Ovviamente, nell’esaminare gli scenari demografici, il primo dato di fondo è quello della natalità. Più volte si è parlato del rischio di scendere sotto il numero di 4 milioni di nuovi nati annui, nel 2021 è purtroppo effettivamente accaduto. In 13 anni si è passati dal picco di 577mila nati al dato attuale con un calo di oltre il 30%. L’accelerazione di questa caduta, in epoca Covid va però analizzata con un approccio in parte diverso da quello tradizionale.

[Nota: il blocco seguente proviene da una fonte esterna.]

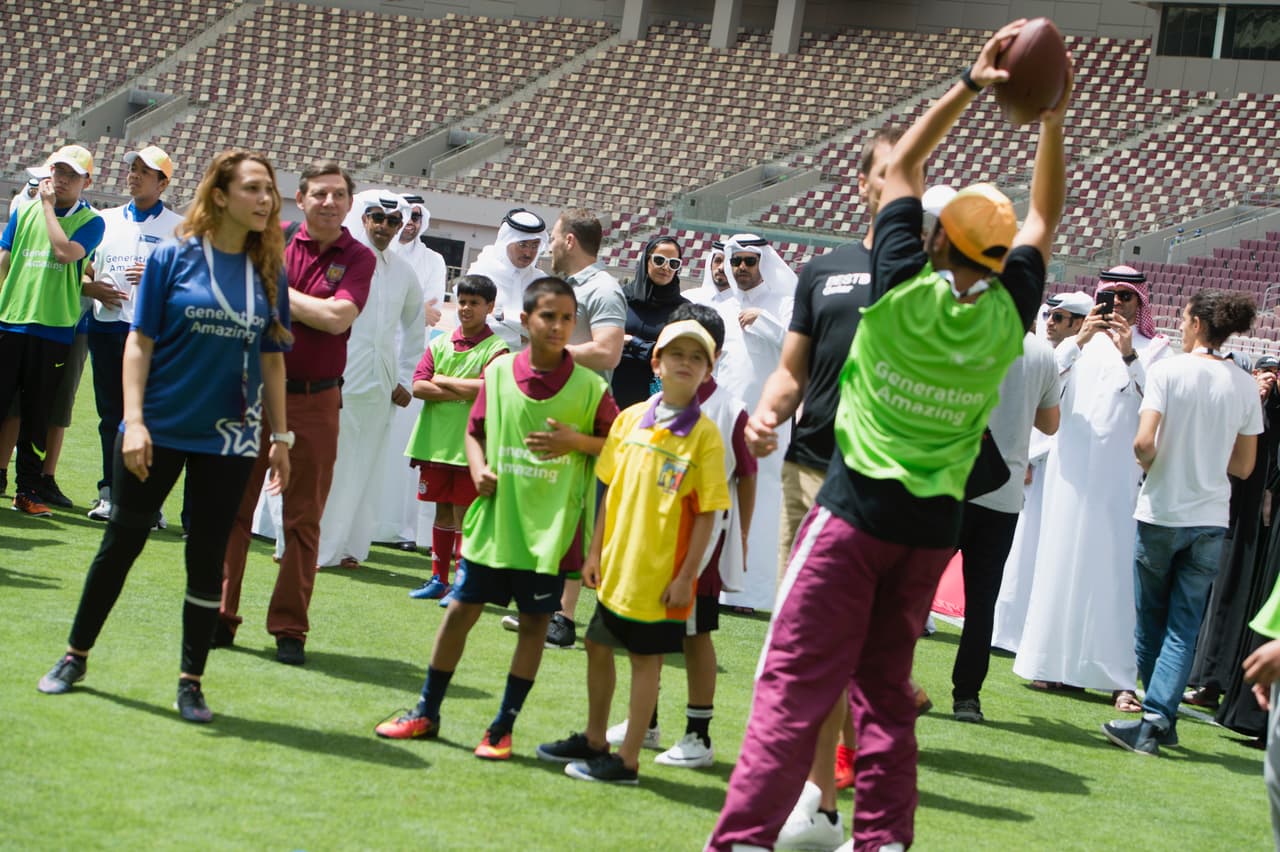 En medio de la visita de Brady, la organización del Mundial de Qatar aseguró que espera abrir unas 20 plazas para que personas con discapacidad los apoyen en el proceso.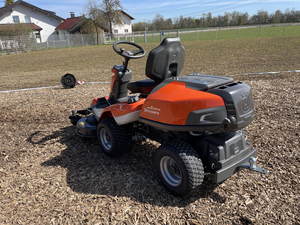 Cortacésped Husqvarna Rider R316TsX AWD con plataforma delantera de 103 cm, motor Kawasaki V-Twin, tracción total, dirección asistida, tractor de jardín con sistema BioClip Mulch - Product Image 3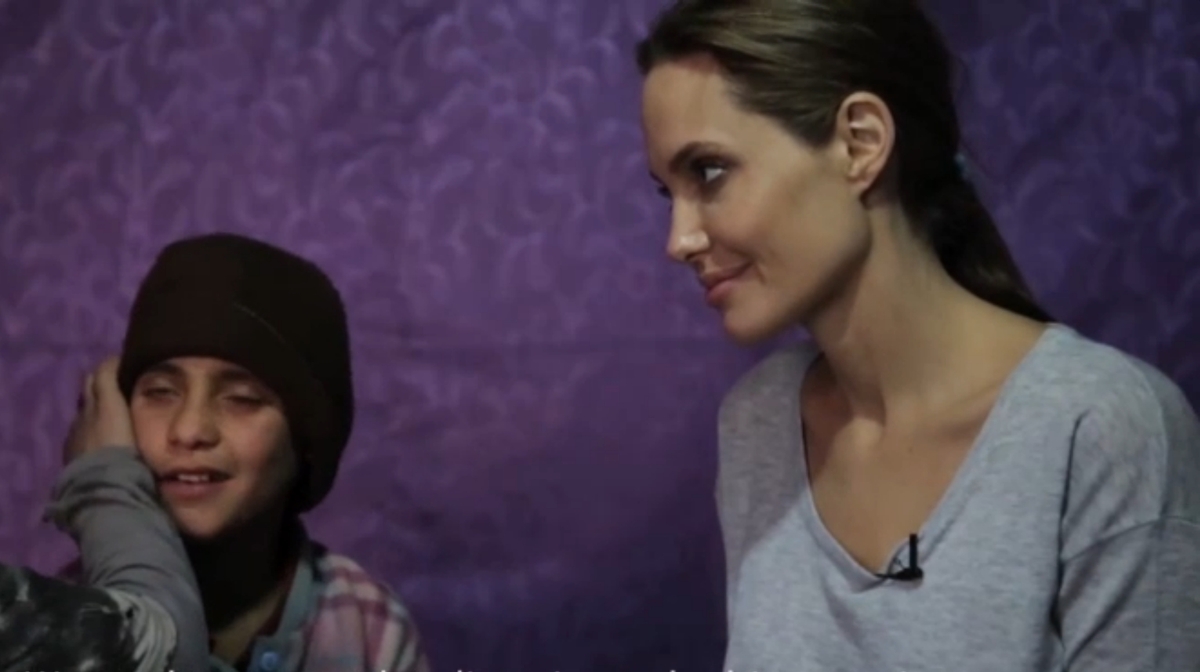 Видео: Анджелина Джоли в лагере сирийских беженцев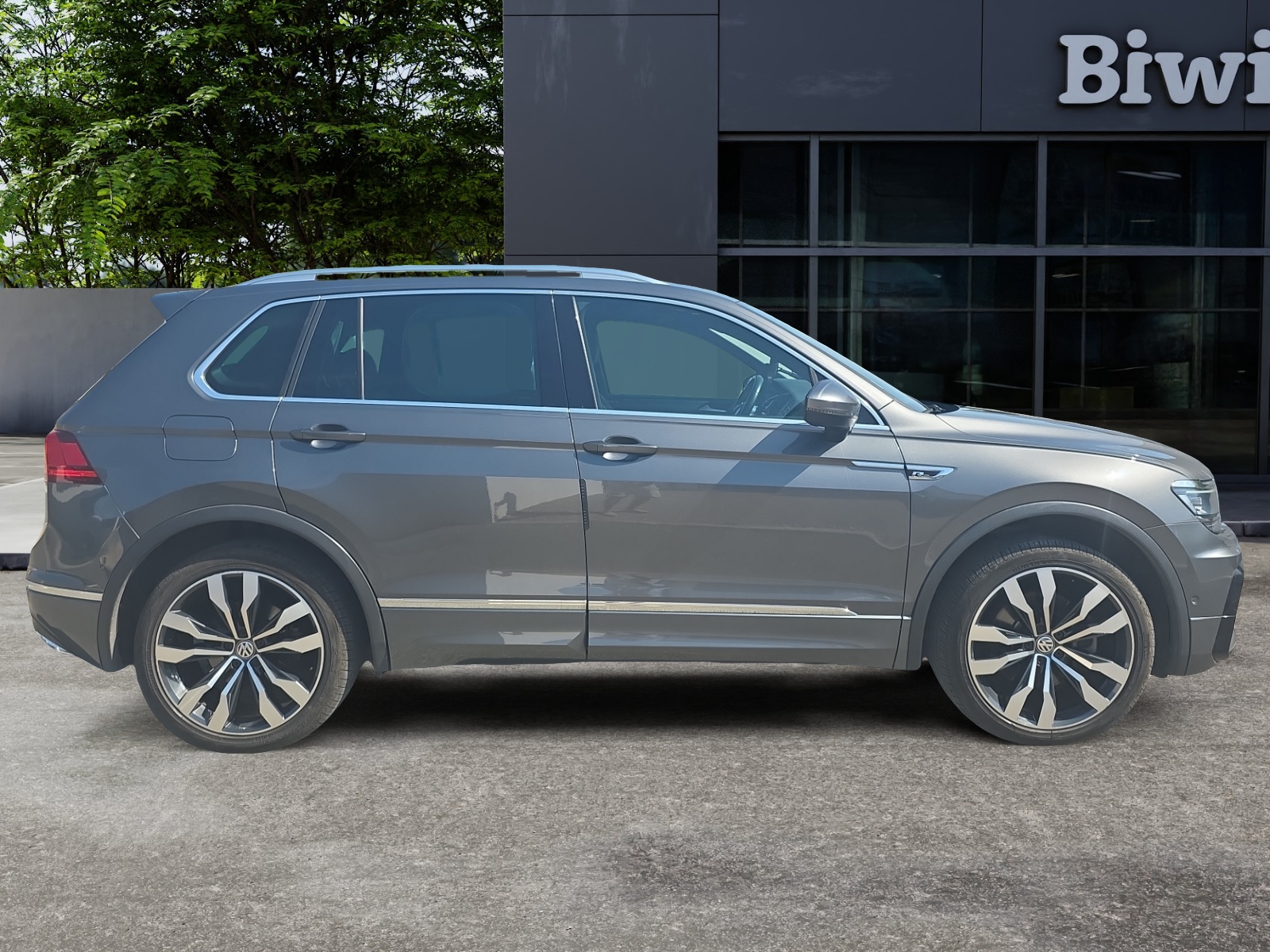 Volkswagen Tiguan 5
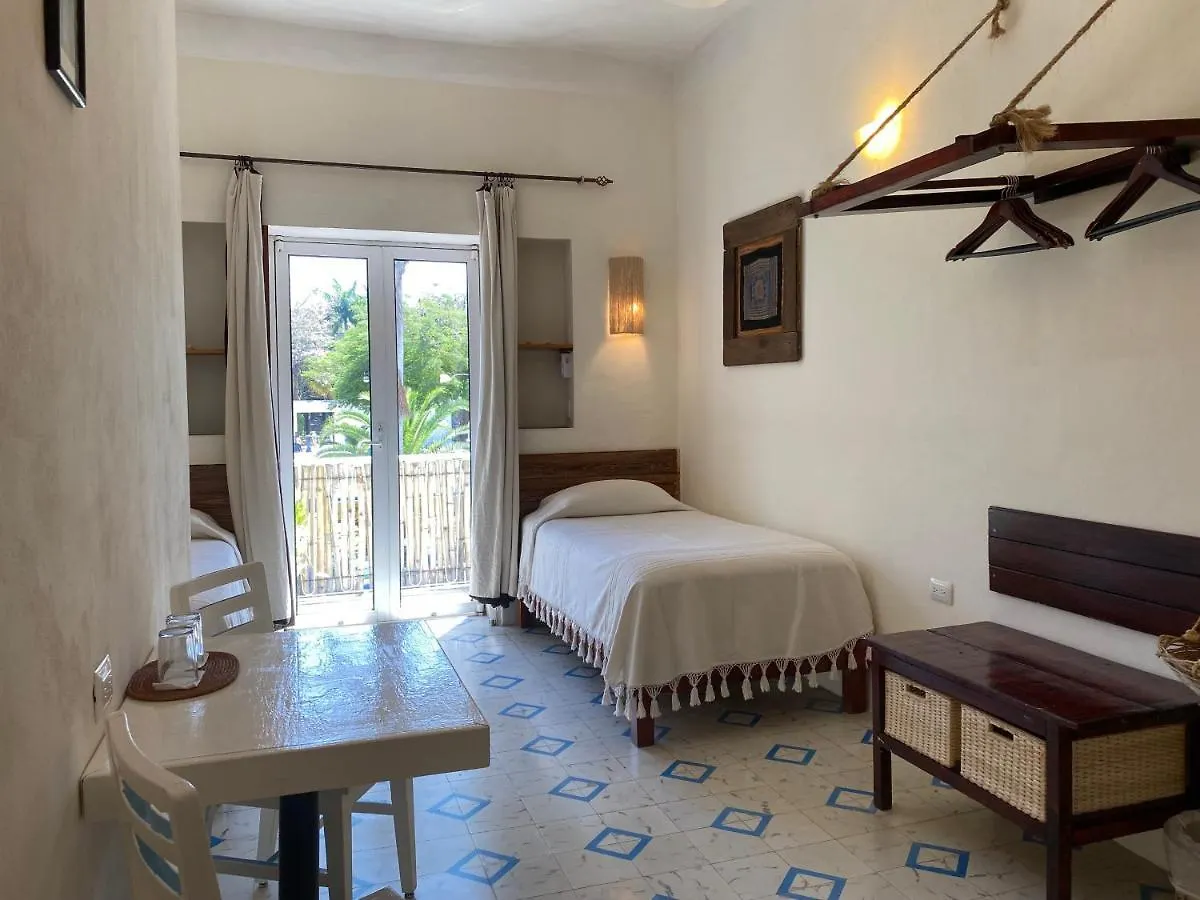 Hotel La Piazzetta Mérida 3*,  Mexique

È infatti legata, come negli anni precedenti, al processo di invecchiamento della popolazione in età feconda ma, dal 2020, anche a una forte contrazione di fiducia nel futuro. La natalità segna sempre picchi particolarmente negativi in occasione dei periodi di crisi, come riscontrabile ad esempio nella crisi del 2008 e adesso verificabile nelle varie fasi della pandemia: il calo delle nascite si accentua nei mesi di maggiore intensità dei contagi mentre ha dimensioni più contenute quando i contagi calano.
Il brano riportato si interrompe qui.